3 . Step by Step method

       Kneading the dough 

  • Take whole wheat flour, salt and one teaspoon of oil in a large bowl. Mix it well.
  • Add a little water at a time and start kneading the dough.
  • If the dough is too sticky, sprinkle some flour and knead them well for at least 5 minutes, and if the dough is too dry, add water a little and knead to make a soft dough. The amount of water will depend on the quality of the flour. Do not add much water at once; otherwise, the dough will become sticky.
  • The dough should be smooth and a little soft(not like roti); place them in the same bowl, cover it with a damp cloth and allow it to rest for 5 minutes.
  • After resting time, again knead the dough to make it smooth.
  • Then, cut the dough into 6 to 8 equal parts.

  • After that, place a dough ball over the rolling surface that is dusted with flour. Using a rolling pin, roll the dough out into a circle. Roll each disc into a 4 to 5-inch diameter circle.

  • Roll a few pooris and keep them on a plate.

           Frying 

  • Heat oil in a deep pan or kadhai for deep frying.
  • When the oil is hot, slide one poori into the oil. Fry it with gentle pressing using the back of the slotted spatula. And it will puff up right away.

  • Fry another side until lightly golden; don’t fry for a long time; otherwise, it gets crispy, not soft.

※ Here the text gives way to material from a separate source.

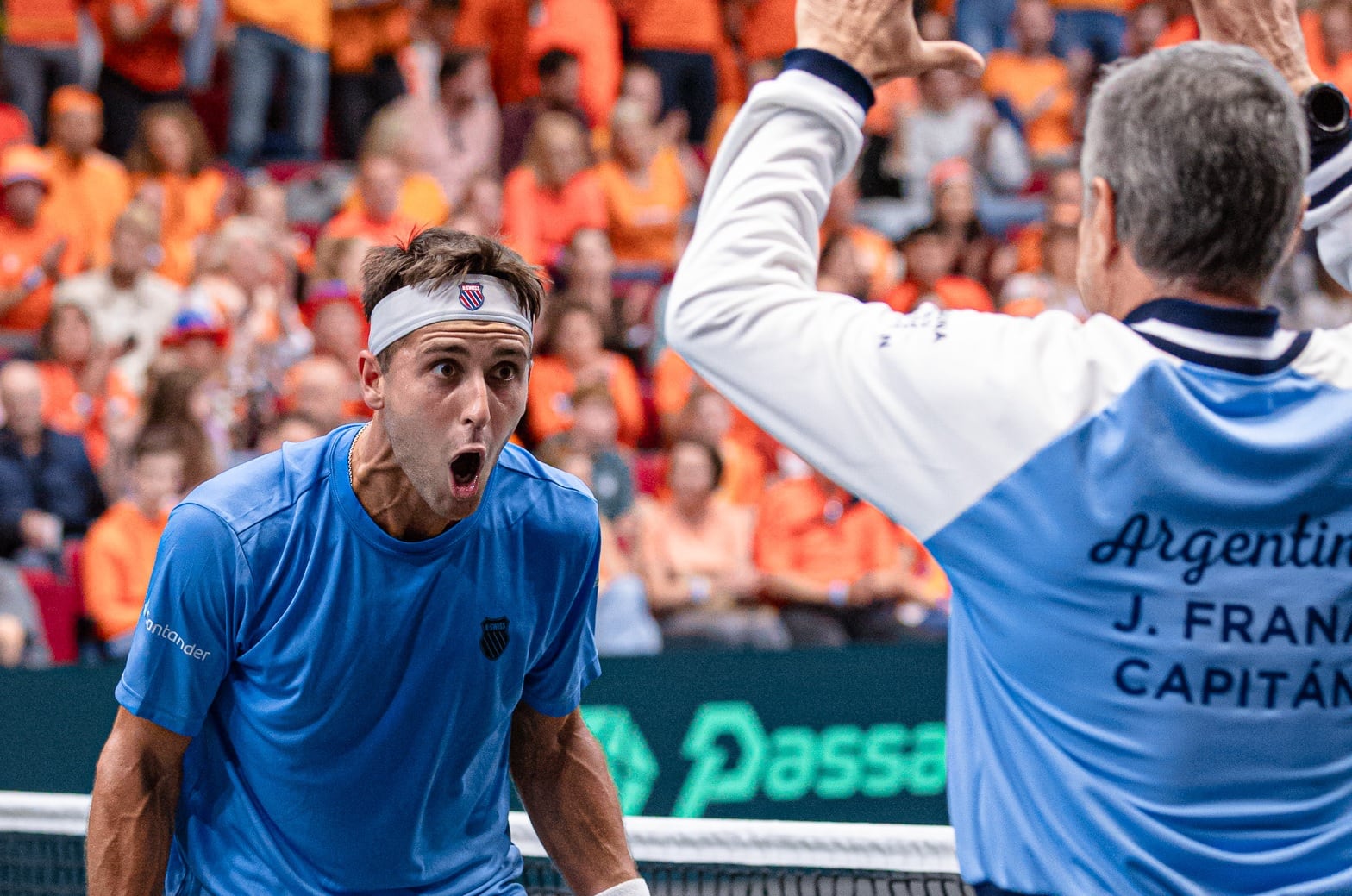 Etcheverry celebra junto con Frana en Países Bajos.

  • Remove it and place on the plate.

  • Serve hot with your favourite curry, Chole or Halwa.

4. Tips 

  • The dough should be smooth and tight because soft dough will not hold the shape of the poori while frying.
  • It is very important to know the right temperature of the oil. If the oil is too hot, the poori will burn; however, if the oil is cold, they will become soggy during the frying.
  • The poori should puff while frying. If not, either the dough is not been kneaded well, the poori has not been rolled out evenly, or the oil is not hot enough.